> _Task item_
Please copy every line from the following entries in which the word "Food" appears.

------ Exercise materials

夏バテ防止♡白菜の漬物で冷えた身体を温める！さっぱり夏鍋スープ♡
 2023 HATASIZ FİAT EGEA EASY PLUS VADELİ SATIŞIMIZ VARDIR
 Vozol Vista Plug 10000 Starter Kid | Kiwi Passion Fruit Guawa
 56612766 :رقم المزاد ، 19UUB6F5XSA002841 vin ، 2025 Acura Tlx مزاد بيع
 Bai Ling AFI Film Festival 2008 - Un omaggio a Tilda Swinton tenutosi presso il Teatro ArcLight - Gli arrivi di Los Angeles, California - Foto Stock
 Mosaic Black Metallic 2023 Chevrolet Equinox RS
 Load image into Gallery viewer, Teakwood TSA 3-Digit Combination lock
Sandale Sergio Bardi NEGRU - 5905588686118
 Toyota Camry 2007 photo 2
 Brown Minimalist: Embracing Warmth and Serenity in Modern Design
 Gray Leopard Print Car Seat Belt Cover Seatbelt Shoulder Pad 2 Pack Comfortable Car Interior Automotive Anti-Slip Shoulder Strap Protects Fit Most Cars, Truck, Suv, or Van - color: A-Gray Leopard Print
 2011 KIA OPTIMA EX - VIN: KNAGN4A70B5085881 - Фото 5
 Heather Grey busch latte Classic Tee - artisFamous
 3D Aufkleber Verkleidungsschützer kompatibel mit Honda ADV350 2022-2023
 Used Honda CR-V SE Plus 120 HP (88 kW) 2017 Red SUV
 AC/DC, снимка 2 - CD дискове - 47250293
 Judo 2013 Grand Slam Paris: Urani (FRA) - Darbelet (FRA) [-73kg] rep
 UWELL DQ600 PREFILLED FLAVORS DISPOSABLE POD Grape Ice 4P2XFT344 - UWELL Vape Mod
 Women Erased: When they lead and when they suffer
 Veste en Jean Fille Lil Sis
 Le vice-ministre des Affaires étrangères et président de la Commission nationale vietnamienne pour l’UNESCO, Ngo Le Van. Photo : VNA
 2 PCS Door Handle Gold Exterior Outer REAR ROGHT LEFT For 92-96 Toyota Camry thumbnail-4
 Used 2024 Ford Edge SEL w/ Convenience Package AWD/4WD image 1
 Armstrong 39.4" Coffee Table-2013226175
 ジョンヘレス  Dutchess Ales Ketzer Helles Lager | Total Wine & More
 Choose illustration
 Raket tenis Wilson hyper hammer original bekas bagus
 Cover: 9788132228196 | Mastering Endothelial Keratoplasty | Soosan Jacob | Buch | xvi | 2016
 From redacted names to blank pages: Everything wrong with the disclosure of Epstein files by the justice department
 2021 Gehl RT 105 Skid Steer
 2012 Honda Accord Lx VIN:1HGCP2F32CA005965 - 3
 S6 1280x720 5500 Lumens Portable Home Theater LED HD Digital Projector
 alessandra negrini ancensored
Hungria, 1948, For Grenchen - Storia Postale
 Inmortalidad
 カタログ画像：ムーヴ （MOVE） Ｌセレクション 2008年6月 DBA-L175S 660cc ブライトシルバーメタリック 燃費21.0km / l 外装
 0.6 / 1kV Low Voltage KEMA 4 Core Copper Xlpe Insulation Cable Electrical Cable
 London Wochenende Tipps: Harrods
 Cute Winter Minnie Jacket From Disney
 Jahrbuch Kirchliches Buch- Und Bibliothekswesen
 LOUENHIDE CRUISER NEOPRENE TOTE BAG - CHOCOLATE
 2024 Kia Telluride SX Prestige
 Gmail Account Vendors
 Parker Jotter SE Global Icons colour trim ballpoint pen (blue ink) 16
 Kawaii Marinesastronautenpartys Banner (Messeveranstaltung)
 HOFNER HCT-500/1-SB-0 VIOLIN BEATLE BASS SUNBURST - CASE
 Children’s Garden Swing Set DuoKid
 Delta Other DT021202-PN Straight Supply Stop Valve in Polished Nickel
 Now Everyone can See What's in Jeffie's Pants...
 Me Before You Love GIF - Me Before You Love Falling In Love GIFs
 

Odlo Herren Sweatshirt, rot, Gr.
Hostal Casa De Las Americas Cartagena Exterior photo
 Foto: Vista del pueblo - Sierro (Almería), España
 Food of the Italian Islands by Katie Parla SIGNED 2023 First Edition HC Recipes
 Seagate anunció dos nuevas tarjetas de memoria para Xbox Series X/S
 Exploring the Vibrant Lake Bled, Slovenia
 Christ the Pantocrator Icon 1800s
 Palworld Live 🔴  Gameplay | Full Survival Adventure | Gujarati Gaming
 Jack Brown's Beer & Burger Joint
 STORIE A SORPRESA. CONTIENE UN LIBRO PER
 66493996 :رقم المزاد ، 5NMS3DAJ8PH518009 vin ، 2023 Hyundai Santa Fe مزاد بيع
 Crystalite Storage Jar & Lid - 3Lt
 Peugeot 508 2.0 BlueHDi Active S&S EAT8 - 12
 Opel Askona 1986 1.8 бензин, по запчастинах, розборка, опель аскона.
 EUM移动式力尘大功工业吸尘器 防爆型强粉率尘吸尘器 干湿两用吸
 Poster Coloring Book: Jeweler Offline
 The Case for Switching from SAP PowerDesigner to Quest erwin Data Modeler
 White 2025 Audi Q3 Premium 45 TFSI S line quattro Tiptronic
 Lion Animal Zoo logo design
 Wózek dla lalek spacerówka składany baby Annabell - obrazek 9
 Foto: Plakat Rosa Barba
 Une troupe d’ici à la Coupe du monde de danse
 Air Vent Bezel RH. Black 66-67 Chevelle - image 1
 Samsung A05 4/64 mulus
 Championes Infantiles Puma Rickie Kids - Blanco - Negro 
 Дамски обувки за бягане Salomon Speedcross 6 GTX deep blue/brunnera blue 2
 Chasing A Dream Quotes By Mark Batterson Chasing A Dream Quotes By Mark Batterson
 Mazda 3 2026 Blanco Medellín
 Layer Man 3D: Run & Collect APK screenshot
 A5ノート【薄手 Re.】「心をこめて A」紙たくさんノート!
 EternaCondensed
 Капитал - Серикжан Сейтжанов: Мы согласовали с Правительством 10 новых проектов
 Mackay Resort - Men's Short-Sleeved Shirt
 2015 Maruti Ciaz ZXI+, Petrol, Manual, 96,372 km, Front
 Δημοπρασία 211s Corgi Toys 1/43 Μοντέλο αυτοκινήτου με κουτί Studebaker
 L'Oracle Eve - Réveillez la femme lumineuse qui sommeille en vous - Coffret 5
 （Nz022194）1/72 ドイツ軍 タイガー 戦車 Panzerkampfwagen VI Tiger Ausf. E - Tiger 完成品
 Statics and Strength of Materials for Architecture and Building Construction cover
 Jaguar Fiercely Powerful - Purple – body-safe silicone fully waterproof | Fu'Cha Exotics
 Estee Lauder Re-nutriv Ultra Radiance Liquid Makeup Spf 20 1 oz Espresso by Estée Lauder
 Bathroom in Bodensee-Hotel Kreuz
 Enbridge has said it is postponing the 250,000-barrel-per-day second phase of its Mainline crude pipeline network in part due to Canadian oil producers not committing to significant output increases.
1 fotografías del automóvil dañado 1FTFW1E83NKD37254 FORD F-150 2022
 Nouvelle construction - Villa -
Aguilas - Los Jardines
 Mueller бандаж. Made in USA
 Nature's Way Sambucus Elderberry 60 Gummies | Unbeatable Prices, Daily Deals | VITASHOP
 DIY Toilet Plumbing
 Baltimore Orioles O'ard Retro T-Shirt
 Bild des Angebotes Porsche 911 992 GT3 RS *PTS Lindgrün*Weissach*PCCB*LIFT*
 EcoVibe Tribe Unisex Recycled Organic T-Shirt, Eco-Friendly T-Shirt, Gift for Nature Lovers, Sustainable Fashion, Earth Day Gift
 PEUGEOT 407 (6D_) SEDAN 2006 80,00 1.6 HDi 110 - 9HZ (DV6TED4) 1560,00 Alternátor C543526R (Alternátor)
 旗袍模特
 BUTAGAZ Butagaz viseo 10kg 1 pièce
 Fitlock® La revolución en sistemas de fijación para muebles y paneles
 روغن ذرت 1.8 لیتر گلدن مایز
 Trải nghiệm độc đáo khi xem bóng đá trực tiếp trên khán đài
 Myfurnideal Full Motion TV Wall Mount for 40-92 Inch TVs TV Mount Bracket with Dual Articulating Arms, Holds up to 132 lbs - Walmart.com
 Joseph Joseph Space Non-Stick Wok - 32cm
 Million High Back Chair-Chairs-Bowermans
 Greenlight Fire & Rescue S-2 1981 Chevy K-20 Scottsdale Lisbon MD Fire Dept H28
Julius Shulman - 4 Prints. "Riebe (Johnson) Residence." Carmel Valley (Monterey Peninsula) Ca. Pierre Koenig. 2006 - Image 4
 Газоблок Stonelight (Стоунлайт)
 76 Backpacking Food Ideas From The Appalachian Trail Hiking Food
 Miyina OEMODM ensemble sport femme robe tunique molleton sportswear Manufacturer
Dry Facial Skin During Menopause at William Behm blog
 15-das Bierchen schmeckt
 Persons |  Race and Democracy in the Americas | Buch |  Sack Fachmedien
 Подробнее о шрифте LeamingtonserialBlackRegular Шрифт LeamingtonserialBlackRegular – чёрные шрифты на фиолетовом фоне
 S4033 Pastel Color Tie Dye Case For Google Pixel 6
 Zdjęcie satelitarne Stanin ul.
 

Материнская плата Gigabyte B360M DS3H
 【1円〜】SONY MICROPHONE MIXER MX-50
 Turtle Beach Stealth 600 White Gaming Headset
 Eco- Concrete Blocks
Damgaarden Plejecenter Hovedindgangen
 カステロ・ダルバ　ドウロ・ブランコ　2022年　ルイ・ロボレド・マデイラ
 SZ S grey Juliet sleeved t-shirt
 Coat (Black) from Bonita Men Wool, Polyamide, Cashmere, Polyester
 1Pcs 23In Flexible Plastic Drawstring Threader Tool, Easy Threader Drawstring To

------------

> _Output of the exercise_
 Food of the Italian Islands by Katie Parla SIGNED 2023 First Edition HC Recipes
 76 Backpacking Food Ideas From The Appalachian Trail Hiking Food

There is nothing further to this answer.